However, the relative contribution of the Vav1 GEF activity to its function in T cell activation in a disease setting has not been addressed. By using knock-in mice carrying a GEF-inactivating mutation in the Vav1 gene, we demonstrate that Vav1 GEF activity is essential for full T cell activation and proliferation by

allogeneic stimulation. Disruption of only the GEF activity of Vav1, while leaving the adapter functions intact, leads to significantly prolonged allograft survival in a heart transplantation Trichostatin A model. Our findings reveal a strong contribution of Vav1 GEF activity to allogeneic T cell activation, indicating that disruption of Vav1 GEF activity by therapeutic agents may be a novel way to induce immunosuppression. Vav1 has been shown to participate

in the activation of many signal transduction pathways downstream of the TCR, but which of these requires Vav1 GEF activity could only recently be addressed in primary cells [20]. It could be shown that some pathways such as TCR-induced Ca2+ flux and ERK activation are GEF-independent, whereas Omipalisib datasheet activation of others like the PI3K pathway requires Vav1 GEF activity. Still, T cell proliferation and activation after TCR stimulation are severely suppressed when Vav1 GEF activity is disrupted (Fig. 1) [20]. Only at very high concentrations of stimulating CD3 antibody and in the presence of costimulation by CD28, the requirement for Vav1 GEF activity is bypassed.

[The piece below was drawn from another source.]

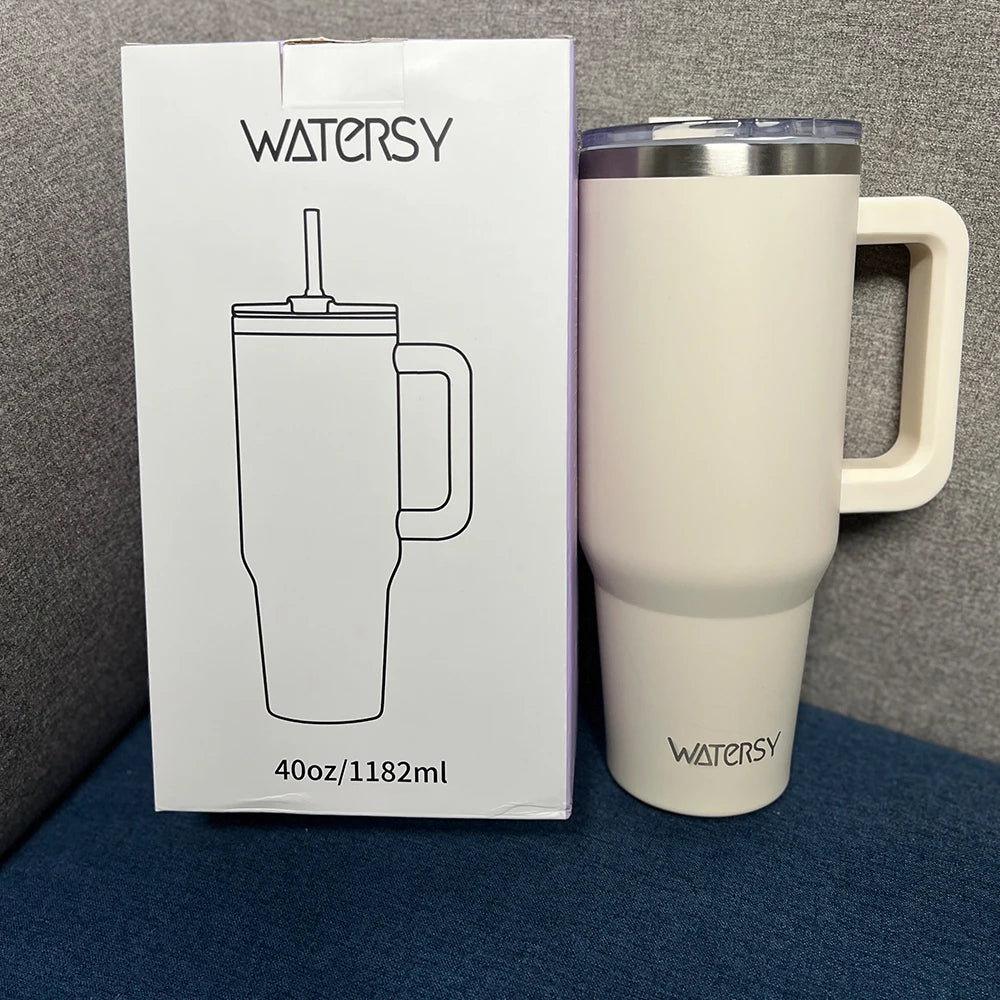 40oz Stainless Steel Insulated Tumbler with Handle & Straw – Large Capacity Thermal Mug for Home, Office & Travel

Interestingly, proliferation and activation of T cells

from Vav1AA/AA mice are reduced to the same extent as of T cells from Vav1−/− mice, indicating that Vav1 GEF activity is essential for this Roflumilast response [20]. A similar effect could be observed when T cells were stimulated by allogeneic splenocytes in a mixed lymphocyte reaction, where T cells derived from Vav1AA/AA mice showed a strongly reduced proliferation almost as strong as T cells completely lacking Vav1 (Fig. 2). This is surprising, as T cells from Vav1AA/AA mice have intact Ca2+ and ERK signaling, which is impaired in Vav1−/− T cells [10] and [11]. However, one reason may be that the defects observed in Vav1−/− T cells are only partial. Deficiency of all three Vav family members completely abolishes these signaling events, suggesting a redundant function for the other Vav proteins which could partially compensate Vav1 deficiency [26]. In addition, Vav1 has been shown to promote cell cycle progression via the PI3K pathway, which is defective in both T cells from Vav1−/− and Vav1AA/AA mice [20] and [27]. Furthermore, an important step in T cell activation, especially in the context of allogeneic stimulation, is the formation of the antigen presenting cell (APC)-T cell conjugate and downstream actin polymerization events. Vav1 transduces signals necessary for the activation of integrins important for APC–T cell conjugate formation, a function dependent on the GEF activity of Vav1 [12], [13] and [20].